Auditor general calls for stronger federal action on cloud cybersecurity

OTTAWA — Government departments must do more to ensure secure storage of information in the digital cloud amid the rising threat of cyberattacks, the federal auditor general has warned.

In a report tabled in Parliament on Tuesday, Auditor General Karen Hogan said requirements were not always clear for placing information in the cloud — space the government acquires on computer servers in various data centres.

Hogan’s report said these shortcomings increase the risk of security breaches as cyberattacks become more common and sophisticated.

She urged the federal government to take immediate action to strengthen how it prevents, detects and responds to cyberattacks.

Hogan said the government should do this now, while departments are still in the early stages of moving personal information to the cloud.

The recommended action includes shoring up key security controls as well as clarifying shared roles and responsibilities for cybersecurity. In a response included with her report, the government agreed with her recommendations and listed steps it intended to take.

The Treasury Board Secretariat has directed departments to consider moving applications and databases to the cloud, meaning more personal information of Canadians is being stored there, the report noted.

The auditor general found that in the four years since this direction, there had been no long-term funding plan for cloud adoption.

“Departments need both a funding approach and costing tools to ensure that the people, expertise, skills, training, funding, and other resources they need to secure cloud-based information are available to prevent and address the greatest threats and risks,” the report said.

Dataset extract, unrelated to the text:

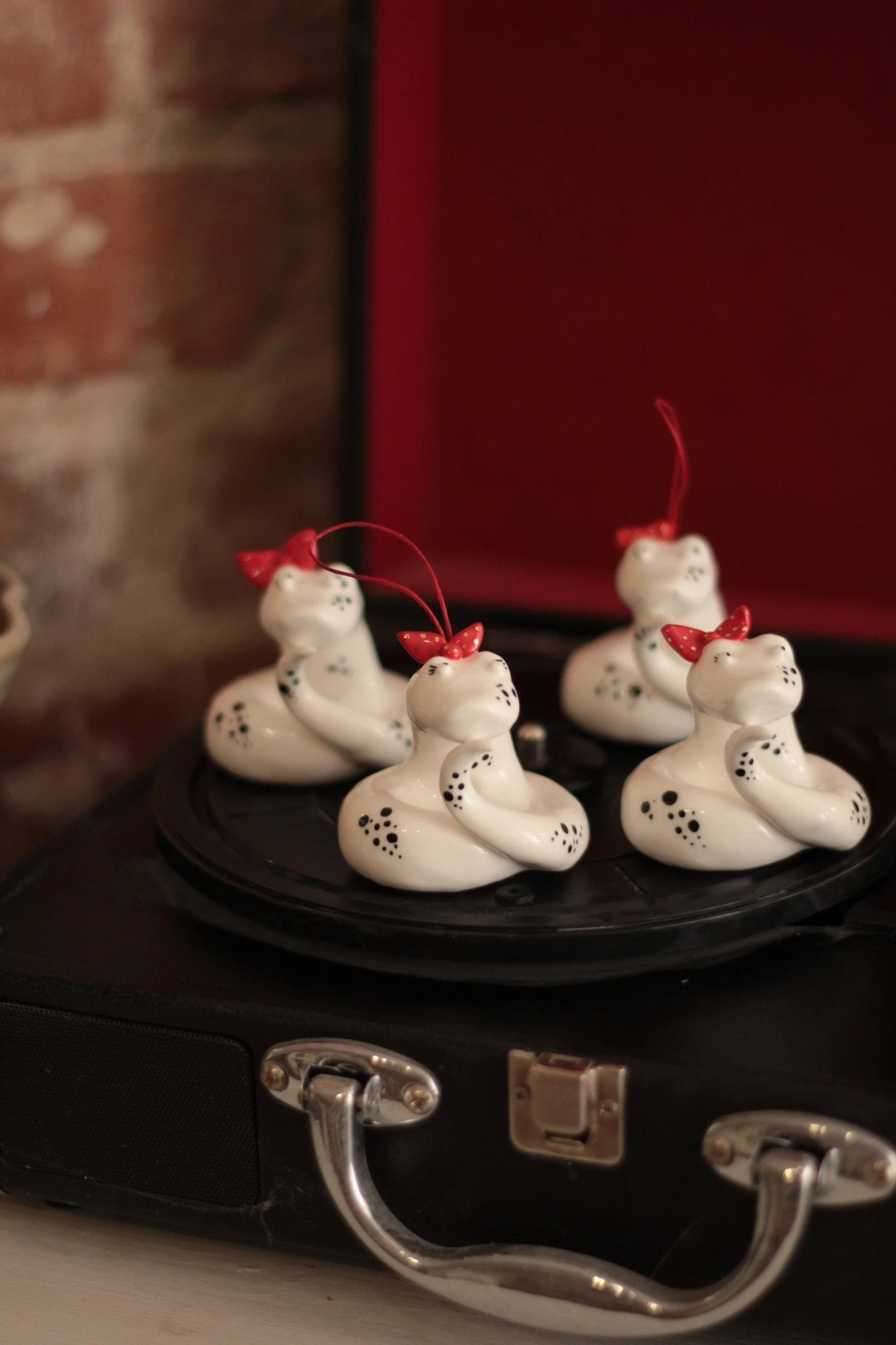 Зимний фестиваль керамики "4ceramics" в Культурном центре ЗИЛ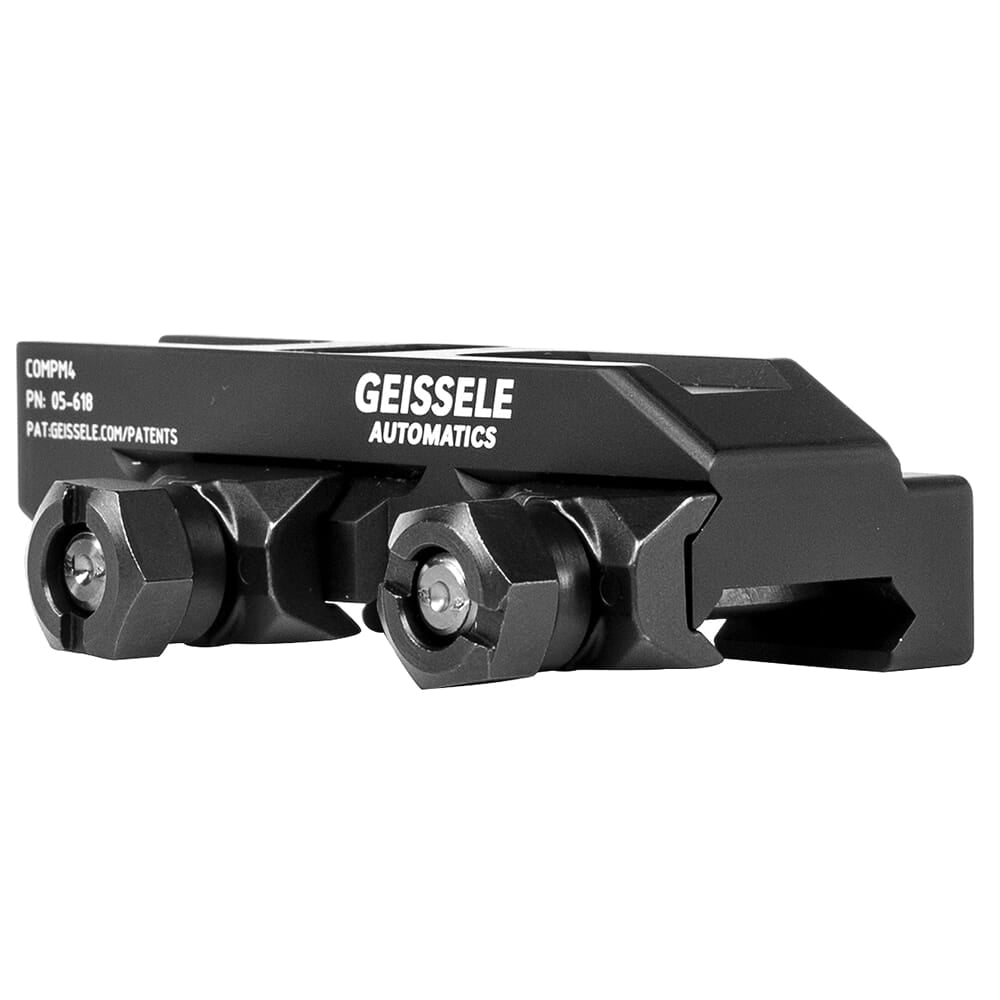 Geissele Super Precision Aimpoint CompM4 Mount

The government relies on several parties to work together to protect information in the cloud.

The auditor general said the Treasury Board Secretariat, Shared Services Canada, Public Services and Procurement Canada, the Communications Security Establishment and selected departments had controls to manage cybersecurity events in the cloud “but did not effectively implement them or establish and communicate clear roles and responsibilities for implementing them.”

Hogan’s team also found gaps in the way security inspections for cloud service providers were carried out. “We cannot report our findings publicly because doing so could reveal information on vulnerabilities and pose a risk to national security. Consequently, we reported them directly to Public Services and Procurement Canada.”

The contracts for cloud services put in place by Shared Services Canada and the supply arrangements established by Public Services and Procurement Canada included only limited details about providers’ obligations during security episodes, such as who should respond and how quickly, the report added.

The roles and responsibilities for cloud security are articulated in multiple documents, the auditor discovered. “As a result, we found that departments were confused about some of their roles and responsibilities.”

For example, one directive says departments are responsible for ensuring that data stored in the cloud, including sensitive and personal information, resides on servers located in Canada. But after reviewing contracts and supply arrangements, it emerged that “not all parties involved understood this.”

“Without a clear understanding of who ensures that data stored in the cloud resides in Canada, organizations risk not knowing whether personal information ends up stored in a different country and if so, whether it is subject to different (potentially inferior) privacy protection laws and security protocols.”